I used to live with a couple, hyperintellectual Deadheads who were into the BOTA and OTO. Jeff was fast-tracked at Stanford in physics until one Lysergic day he realized that all his efforts could only lead to quickening a seemingly inevitable world cataclysm. Subsequently all that intellectual firepower was dedicated to mystical studies, in particular the study of Kabbala and Crowley. Jeff had a bookcase devoted to Crowley's books. He said he read all of them, and he was close to having them all. Sometimes I'd come home to a room full of students with a big tree-of-life poster and an oversized card from the major arcana on display, say the Hermit or the Sun, the group being instructed on the various meanings and aspects of the card as it relates to numerology, Kabbala and other western occult traditions. I found the tarot deck fascinating on all sorts of levels, not the least being the archetypical aspects, the idea that imagery of the decks used drew on something deeper than "Wil
l I Get a Date This Weekend? and was heading towards Jung's notions concerning the collective unconscious.
The Crowley "Thoth" deck, designed by Crowley and painted by Lady Fried Harris has an altogether more vivid visual vocabulary compared to the familiar Rider-Waite deck---Instead of "Temperance" we get "Art", instead of "Strength" we get "Lust". Each of the minor arcana cards has a descriptive label: the nine of wands is now "Strength", the nine of swords now is "Cruelty". The imagery is so much more vivid and arresting than the Rider-Waite imagery:

http://www.aeclectic.net/tarot/thoth/

http://www.aeclectic.net/tarot/riderwaite/index.html

The "Book of Thoth" seems to have been written by several authors, all of them Aleister Crowley in various (generally altered) states of consciousness. But there is gold to be found in "Book of Thoth", scattered with the bad poetry and remarkably obscure references to various mystical paths. 

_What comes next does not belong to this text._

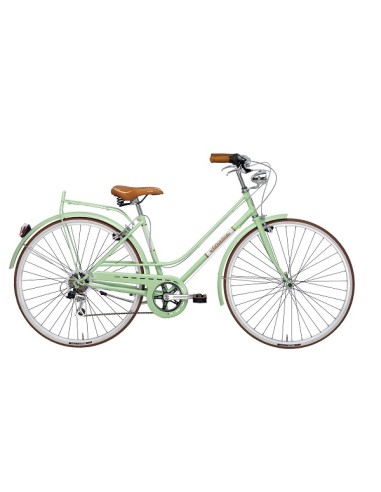 Cicliadriatica bici Rondine Verde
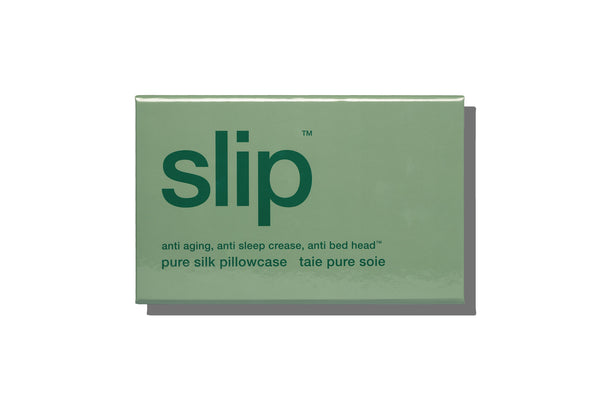 Pistachio Queen Zippered Pillowcase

One of many things I find most interesting and relevant about Crowley viz Pynchon is the copyright inscription:

Copyright 1944 Ordo Templi Orientis
O. T. O. International Headquarters
Postfach 332012, D-1418
Berlin, Germany
 -------------- Original message ----------------------
From: The Great Quail <quail at libyrinth.com>
 I'm not going to say that Crowley was an awesome dude -- he was a manipulative egomaniac who destroyed a few lives and always had one foot in the world of the carnival barker. But he also wrote some pretty interesting things, and his life and work are worth studying.